» **Task**: The expected output is the full data, repeated exactly, without pictures.

» **Collected material**:
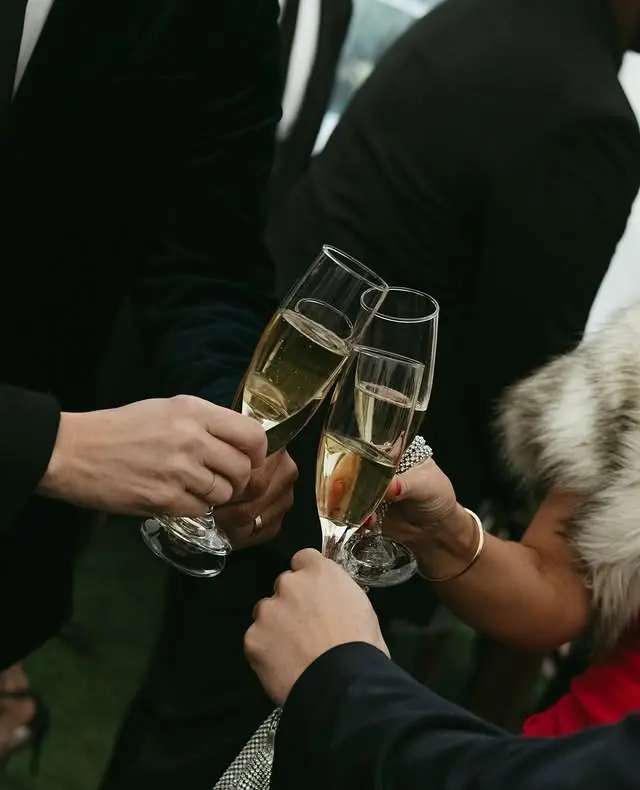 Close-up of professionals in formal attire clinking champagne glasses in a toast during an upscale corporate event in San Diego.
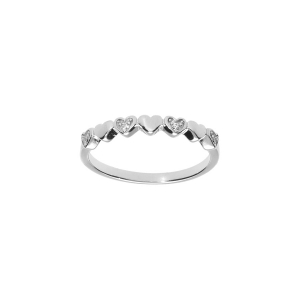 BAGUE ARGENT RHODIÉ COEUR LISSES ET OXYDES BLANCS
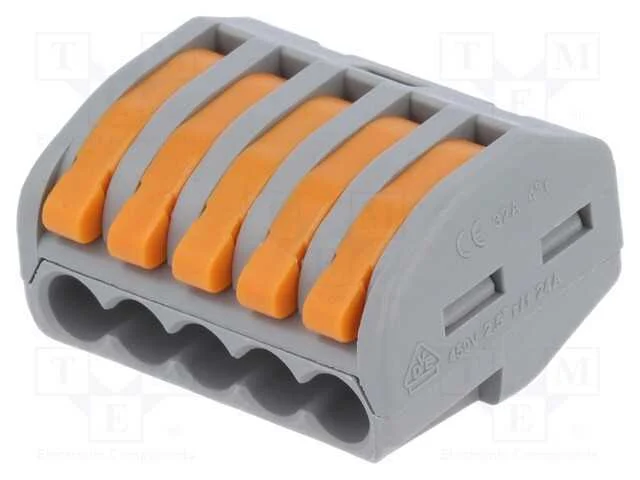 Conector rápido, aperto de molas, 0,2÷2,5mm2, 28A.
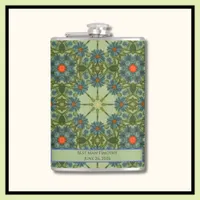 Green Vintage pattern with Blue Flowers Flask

» **Solution**:
 Close-up of professionals in formal attire clinking champagne glasses in a toast during an upscale corporate event in San Diego.
 BAGUE ARGENT RHODIÉ COEUR LISSES ET OXYDES BLANCS
 Conector rápido, aperto de molas, 0,2÷2,5mm2, 28A.
 Green Vintage pattern with Blue Flowers Flask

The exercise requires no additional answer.